• **Dataset records**
*** Block opens ***
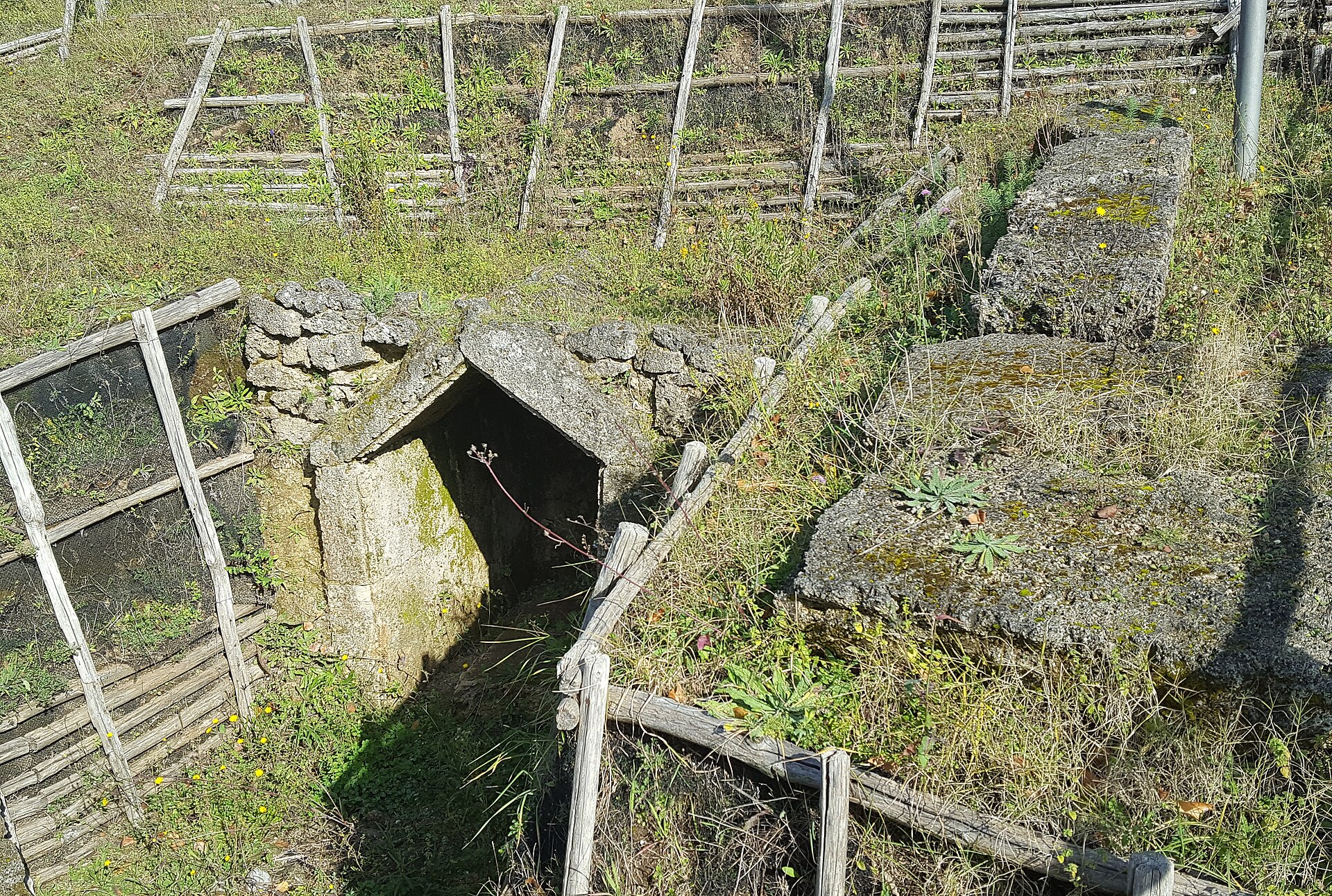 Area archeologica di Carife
*** Block closes ***
*** Block opens ***
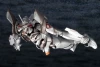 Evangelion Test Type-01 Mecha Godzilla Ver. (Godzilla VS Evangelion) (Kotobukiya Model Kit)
*** Block closes ***
*** Block opens ***
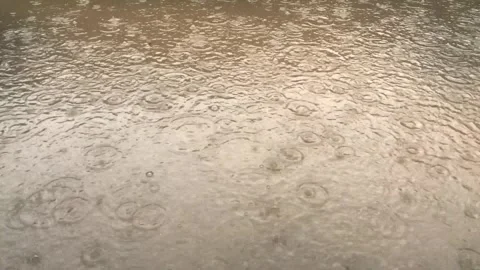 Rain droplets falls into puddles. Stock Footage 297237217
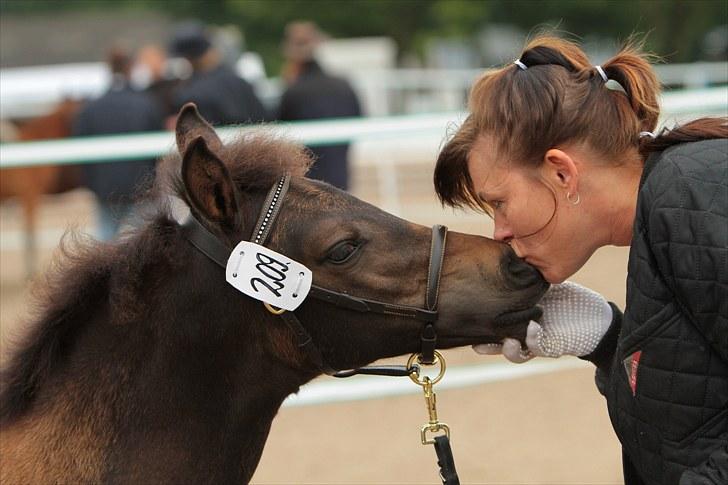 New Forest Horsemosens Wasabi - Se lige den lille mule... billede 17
*** Block closes ***
Having found the line with "Rain droplets falls" and the line with "New Forest Horsemosens" in the material above, write out exactly those two and every line between, leaving the pictures out.

• **Result**
 Rain droplets falls into puddles. Stock Footage 297237217
 New Forest Horsemosens Wasabi - Se lige den lille mule... billede 17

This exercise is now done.